ただし警察の違法捜査があらためて問題となるのではなく、ふたりが謹慎処分をくだされ、意趣返しのように捜査妨害されるという展開。
推理のメインは、訓練場から消えた銃弾の数合わせ。その数字の合わなさから第三者の存在が示唆され、そして消えた銃弾の行方が問題になるかに見せかけて、それを囮とした証拠確保にむすびつく。つまり厳密な推理というわけではないのだが、わかりやすくドラマを引っぱる謎解きとしては充分なものではあった。


物語のメインは、テロリズムへの過剰な恐怖にある。このドラマが描きつづけてきたテーマであり、それに閣僚も参加しているという陰謀劇として発展させた。

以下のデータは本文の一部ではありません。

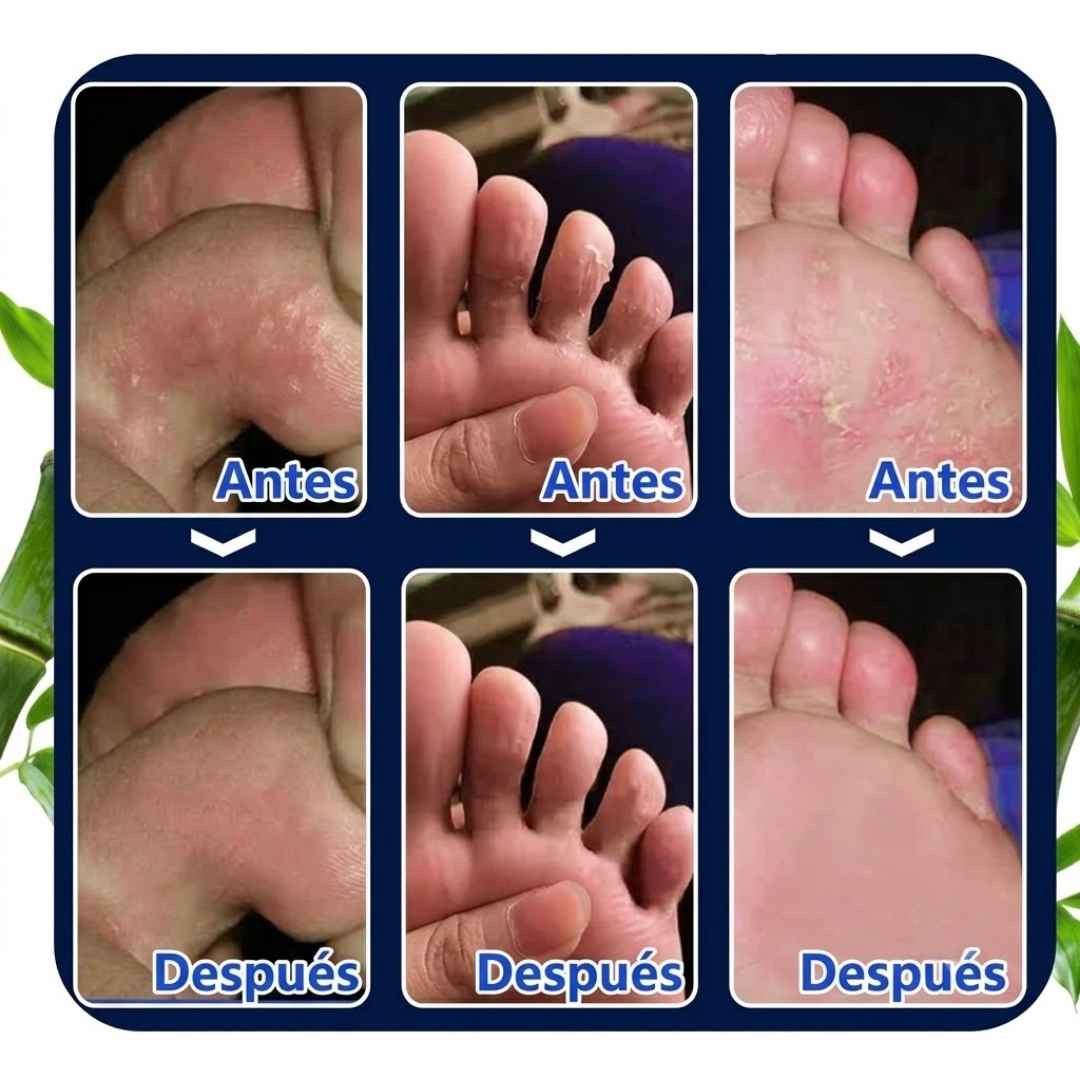 Tea Tree Oil – Antimicrobial Foot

警察関係者や現役閣僚が複数参加してまで国家をテロリズムへ退治させようとする展開は、陰謀論としてならばバカバカしい。わざわざテロを起こさずとも、それぞれの仕事で訴えればいい。しかし現実の政治と見比べれば、体感治安の悪化を政治家が煽るのは、フィクションのなかの笑い話ではない。要するに、どれほどテロを脅威視して警察国家化しようとも、テロに対峙するためには不充分というわけだ。
ただ、関係者がつぎつぎにテロにかかわっていくとわかっていくだけだったのは、展開として単調さを感じないでもなかった。ひとりくらいスケープゴートにされた無関係な人間か、逆に個人として真相をさぐっている善意のヒーローがいても良かったかな。テロに参加する個々人の態度が違っていて、テロにかける願いが異なっていることまで描けていたのは良かったけれど。